__Dataset excerpt__:
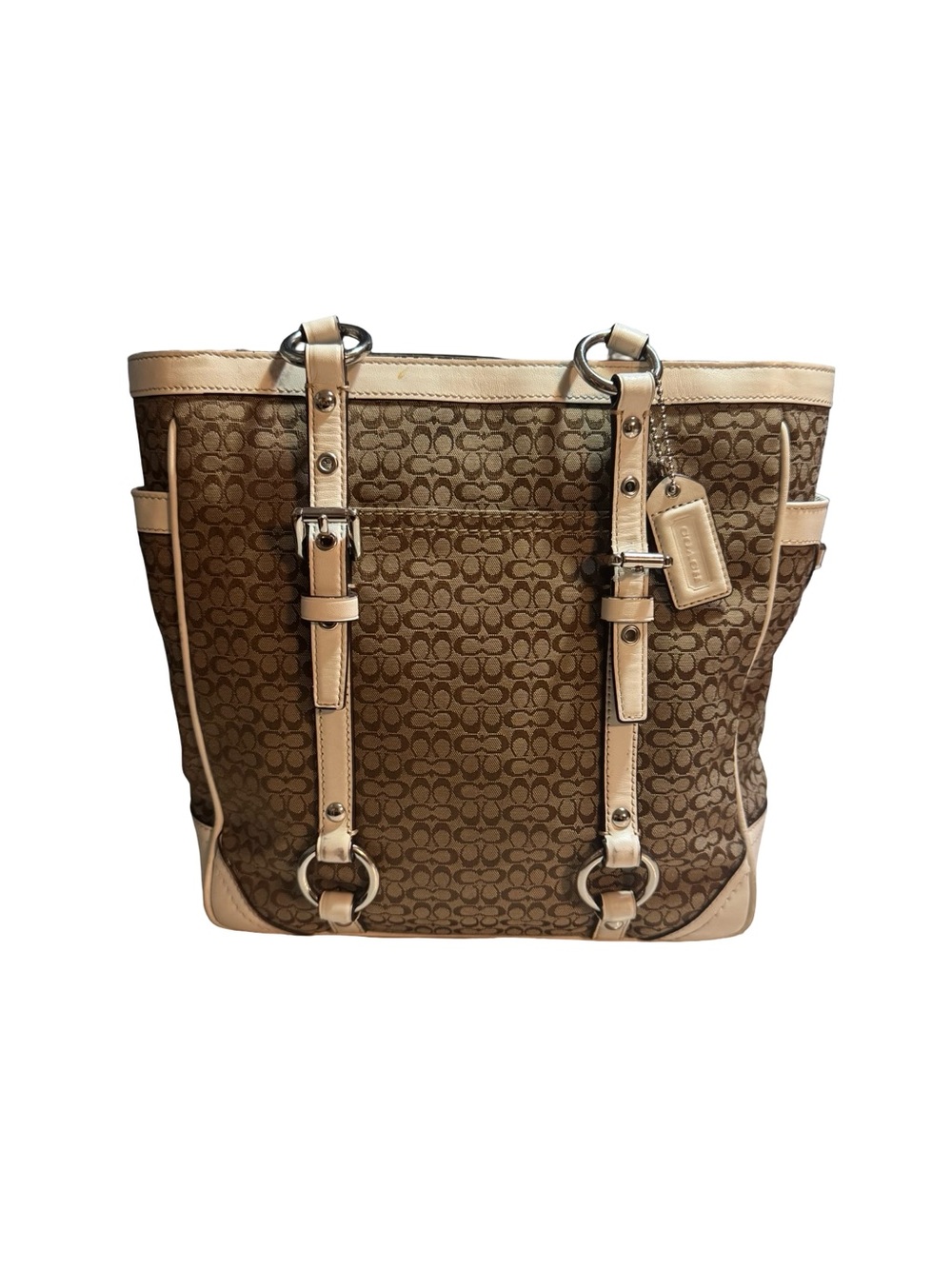 Coach Brown Signature Canvas Tote with Light Cream Leather Trim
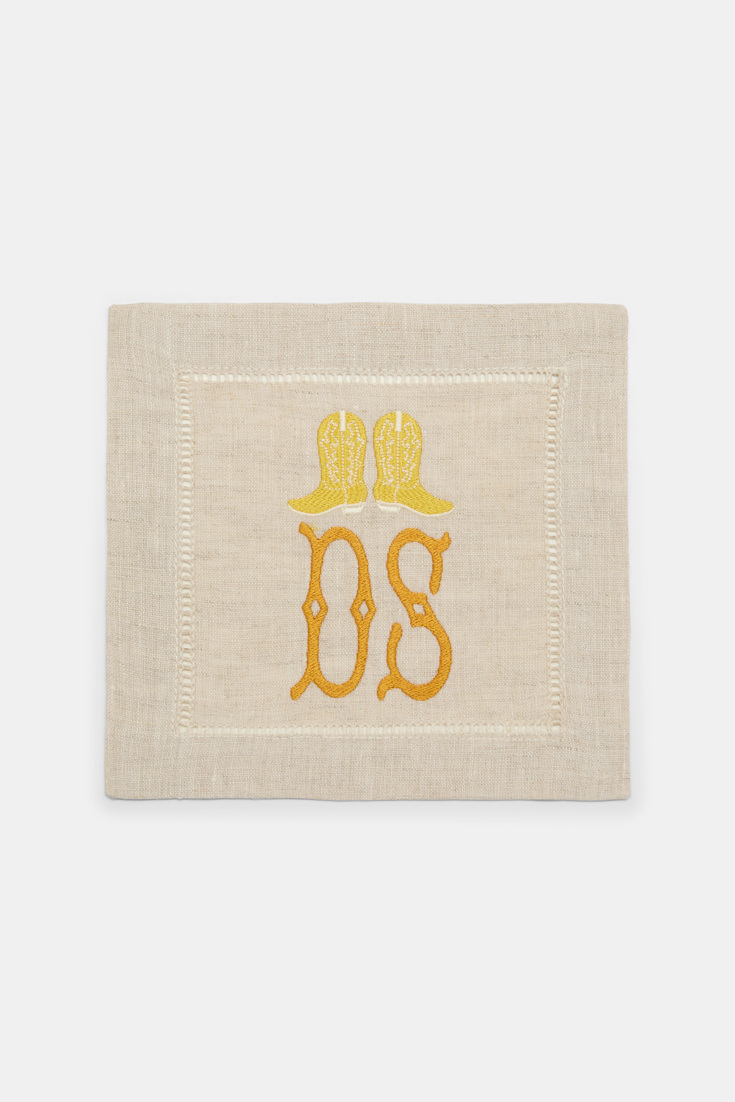 Dorothee Schumacher Set of two hand-embroidered napkins DS Boots yellow Product Detail View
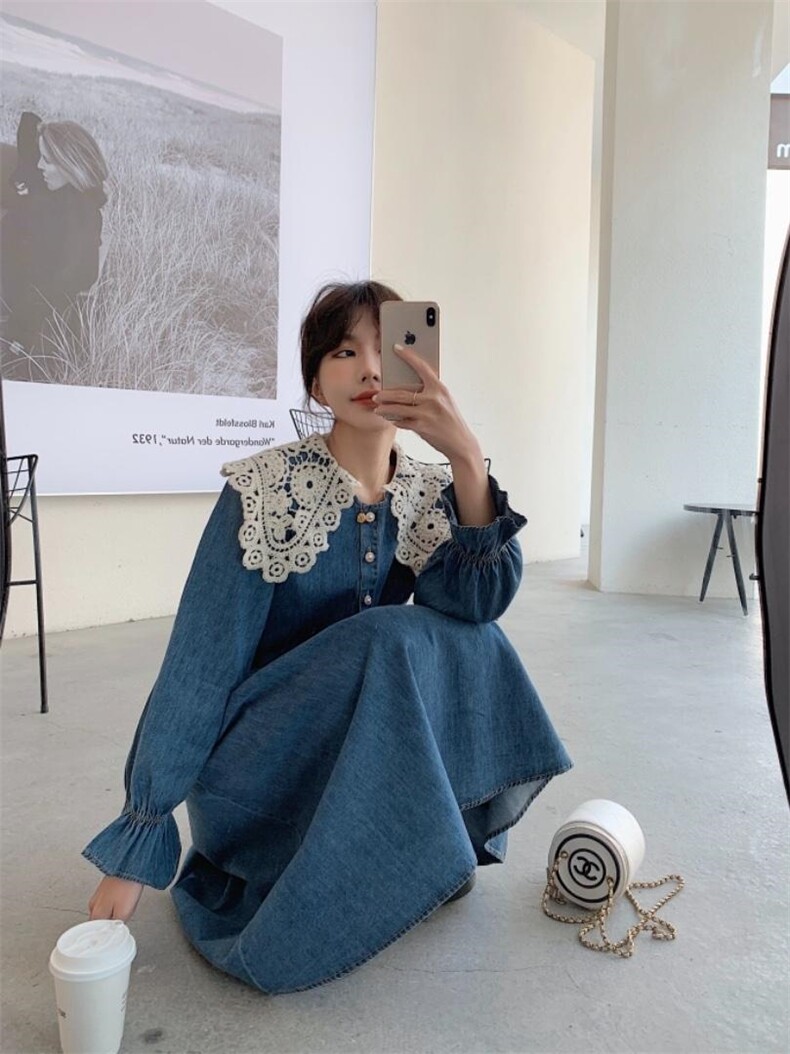 蕾丝花边领子连衣长裙，其它，肆尔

__What this task involves__:
Lines from the one that contains "Dorothee Schumacher Set" through the last line of the data above are to be extracted exactly, with no pictures and no other lines.

__Your response__:
 Dorothee Schumacher Set of two hand-embroidered napkins DS Boots yellow Product Detail View
 蕾丝花边领子连衣长裙，其它，肆尔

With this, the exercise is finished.